At this point you should have full playback with callback to your callback and shutdown. Now to implement volume control...

Figure 5: coreaudio_example.cc part 4

/* value is 0..100, the actual applied volume is based on a natual decibel scale. */
void set_volume (int value)
{
    float factor = (value == 0) ? 0.0 : powf (10, (float) VOLUME_RANGE * (value - 100) / 100 / 20);

    /* lots of pain concerning controlling application volume can be avoided with this one neat trick... */
    AudioUnitSetParameter (output_instance, kHALOutputParam_Volume, kAudioUnitScope_Global, 0, factor, 0);
}

Two things here:

  1. Apple says you should set up an AUGraph for doing something as simple as controlling output volume. I say that is unnecessary. There is a lot of misinformation here as well, that kHALOutputParam_Volume sets the system volume; it doesn't. It sets the individual output volume on the sound server, coreaudiod.

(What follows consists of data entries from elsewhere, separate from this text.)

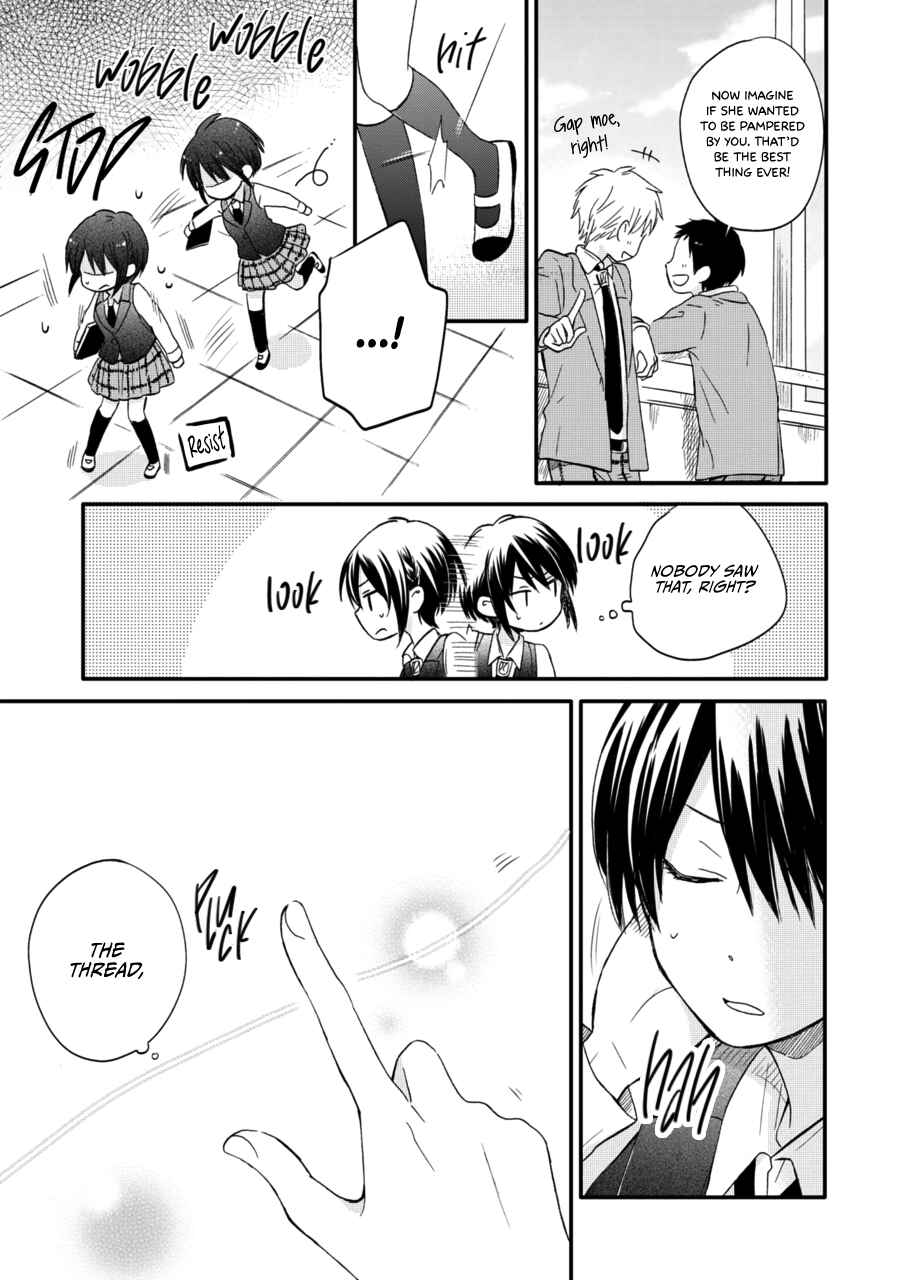 Page 4 Chapter 13.5 Akairo Crossroads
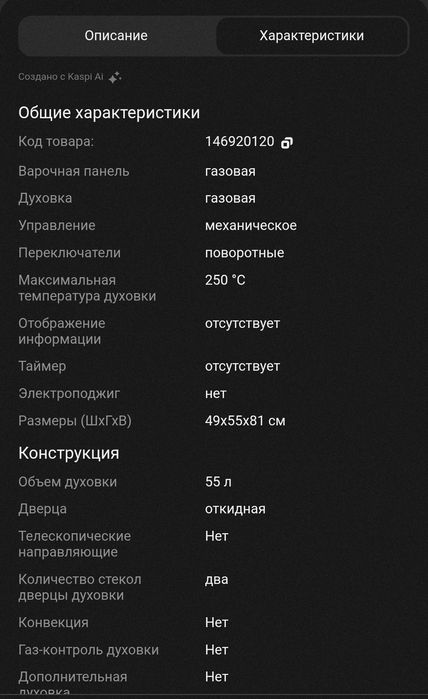 Кухонная Плита Газовая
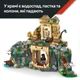Конструктор Lego Повітряна місія зі спинозавром та кетцалькоатлем, 76976 - зображення 6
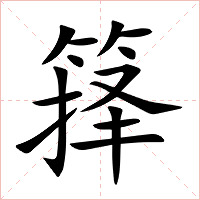 箨字字形图片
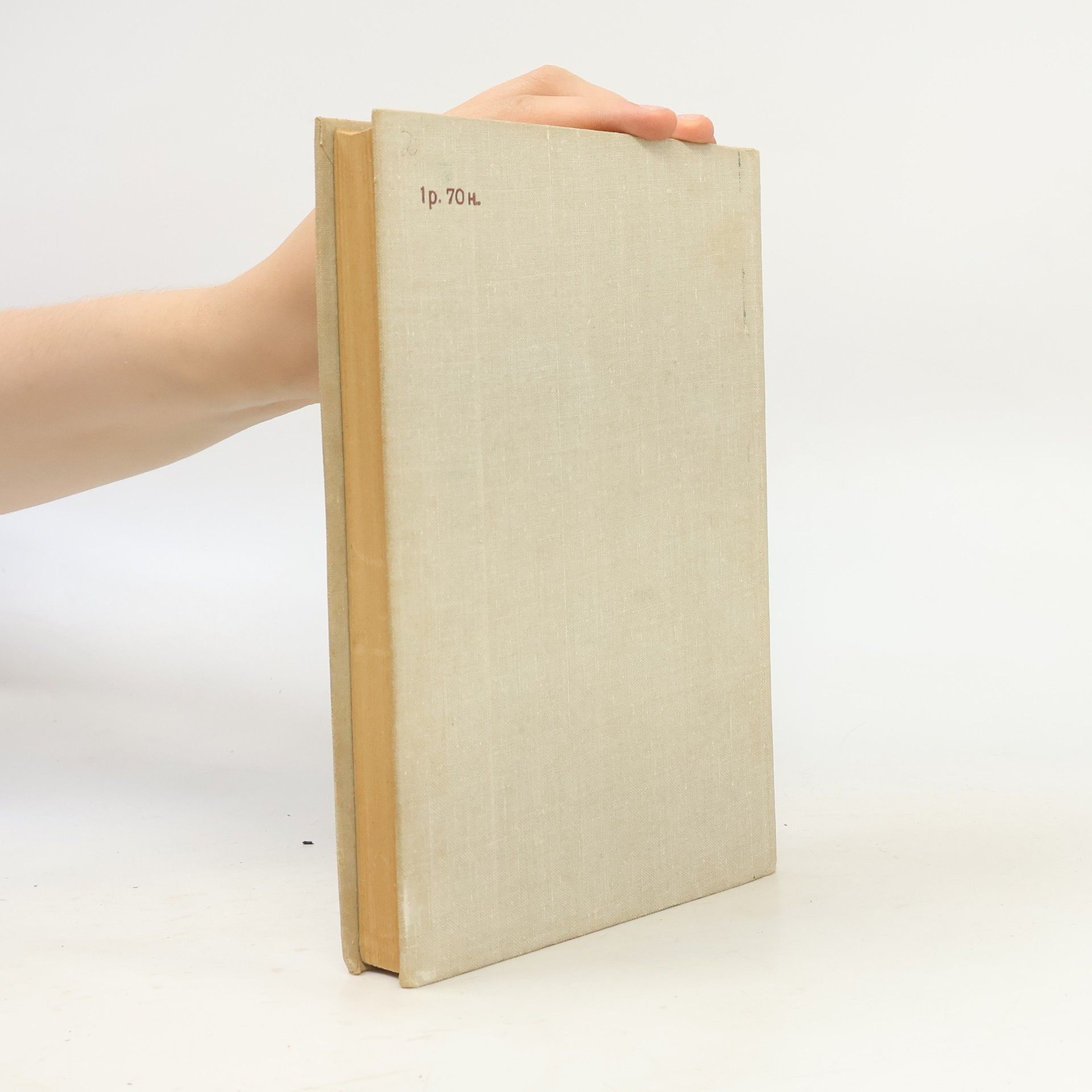 Autores varios Технология крупного электромашиностроения. Том 1. Турбогенераторы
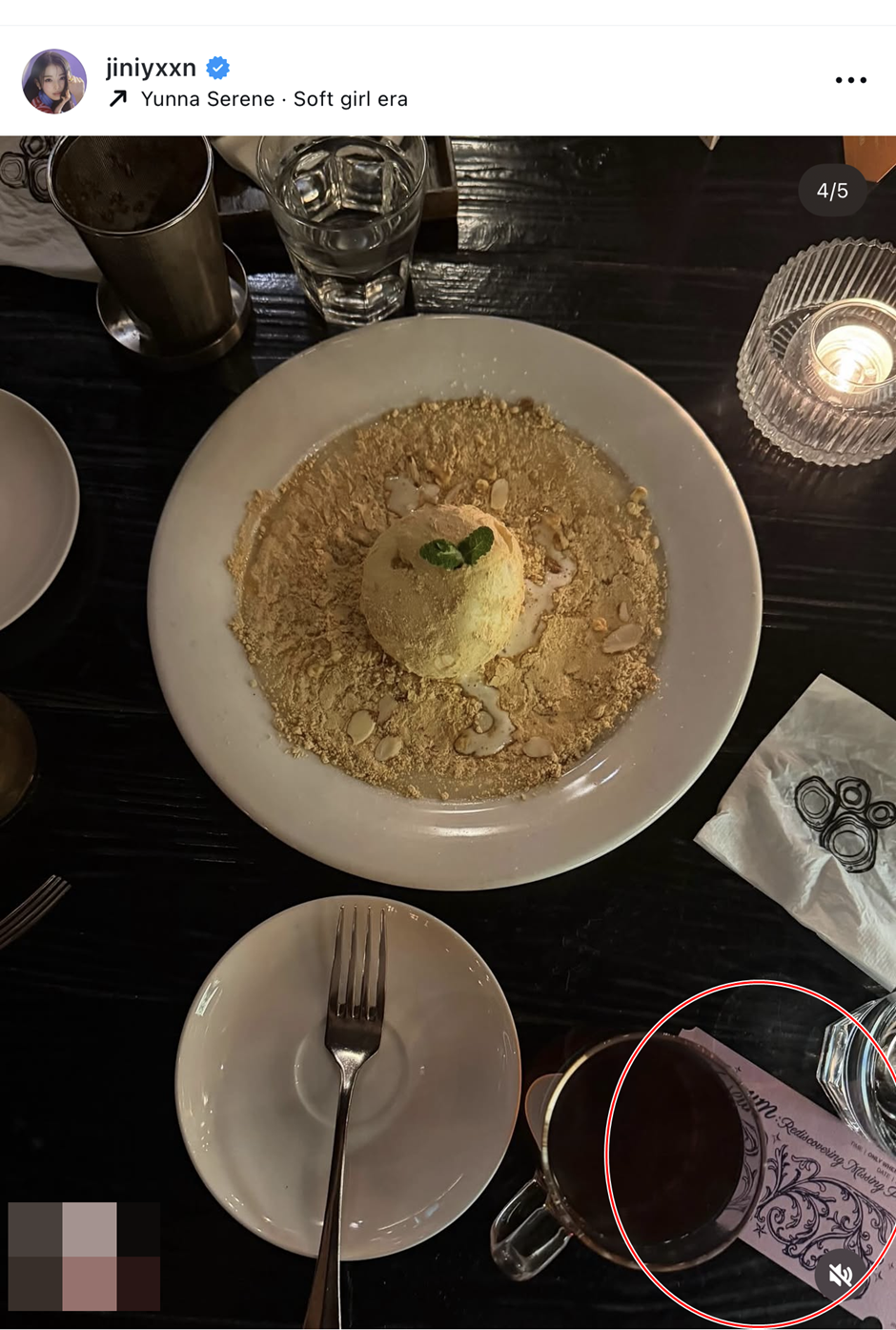 찐-확정된거-같은-이해인-제작-버츄얼-여돌-멤버-4-이미지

  2. The reason for the powf () and the scary math is to give a logarithmic scale for tapering the volume down, similar to what would be observed in an actual stereo system. If you don't want this, just do float factor = value / 100.0.

Now to handle pausing...

Figure 6: coreaudio_example.cc part 5

void pause_audio (bool paused)
{
    if (paused)
        AudioOutputUnitStop (output_instance);
    else
    {
        if (AudioOutputUnitStart (output_instance))
        {
            fprintf (stderr, "Unable to restart audio unit after pausing.\n");
            close_audio ();
        }
    }
}

} /* namespace coreaudio_example */

That is all there is to the actual CoreAudio lowlevel operations. The rest is up to the reader. In the callback function you just copy your buffer data to ioData->mBuffers[0].mData. The amount of data requested is at ioData->mBuffers[0].mDataByteSize.

Hopefully this documentation is useful to somebody else, I mostly wrote it for my own reference. Usually I get to just deal with FMOD which is much more pleasant (ha ha).